The concept of makerspace is not new, according to Utah STEM Action Center’s director Tamara Goetz.
“Makerspaces have been around a long time,” she said. “They were a place for people with common interests to tinker and build and that purpose still exists. What we’re seeing now is not a resuscitation of an old trend or fad of having a neighborhood tinkering spot in somebody’s garage. It’s become a way of learning and a way of thinking that is beginning to integrate how we teach kids and how we inspire kids.
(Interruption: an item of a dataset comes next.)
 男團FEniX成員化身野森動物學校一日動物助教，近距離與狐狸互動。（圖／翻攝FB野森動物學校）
It’s the new way to do project-based learning; it’s maker learning, the idea of learning how to do a design process of iteration to create something to solve a problem that is important to you.”
Goetz said there is an increased momentum around makerspaces.
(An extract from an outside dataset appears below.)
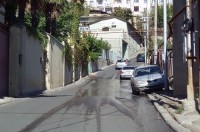 დოლიძის ქუჩაზე ორ მოქალაქეს ხე დაეცა დოლიძის ქუჩაზე ორ მოქალაქეს ხე დაეცა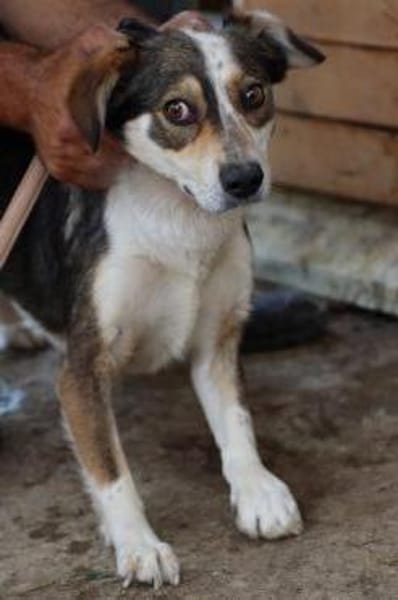 Painu- aparter Rüde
“Our future as a global economic leader depends on students having the ability to be innovative with technology,” she said. “Maker learning helps to build 21st century skills and helps students not just consume technology but develop it.”
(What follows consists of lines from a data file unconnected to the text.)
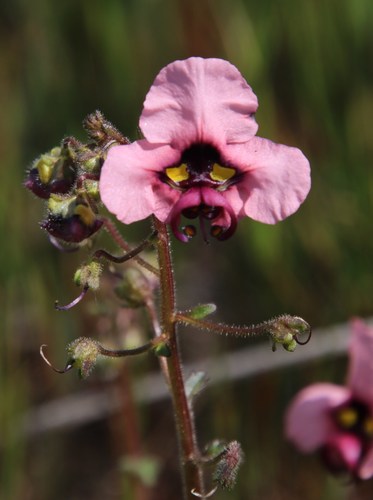 Image of Alonsoa unilabiata by (c) Tony Rebelo, some rights reserved (CC BY-SA)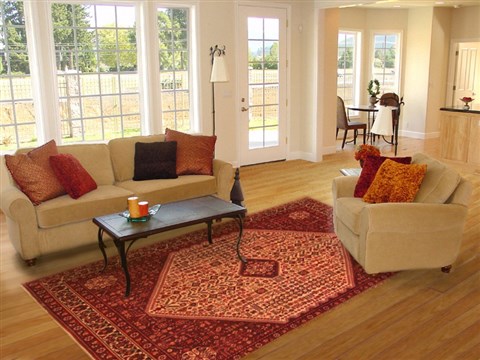 Abadeh Red Hand Knotted 69 X 911 Area Rug 100-19316 Image 4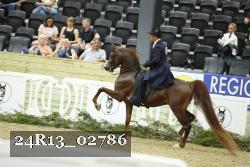 24R13_02786 thumbnail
At Hawthorn Academy, a charter school in South Jordan, teacher Stephen Mesker said it’s those 21st century skills of identifying problems and finding solutions that is being taught in the school’s 3D Design Club, a precursor to what he hopes will evolve into a makerspace for its studentbody.
“We teach them the skills, but the hope is to get everybody involved in STEM and get them prepared for future jobs,” he said. “Many manufacturing jobs now use 3D design and 3D printing and other makerspace skills that we need to provide that education and opportunity to our students.”
That is key Goetz said.
“Makerspaces are more than just a bunch of equipment with no real intent. What’s important, particularly in schools, is to address how can the makerspace aligns and integrates into the mission of the school, more than just a place to tinker,” she said. “It also needs to adapt with the growth of the school.”
Such was the case with the STEM Action Center, which is celebrating its 10th anniversary. After moving out of an office downtown to its South Salt Lake location where space was provided as a solution to the many FIRST LEGO teams that needed a location to practice and build, the staff realized its potential when “a couple little girls would come by and knock on the window and ask what we were doing. That led us to realize there was a much greater potential space in our community, so we established an open tinker time.”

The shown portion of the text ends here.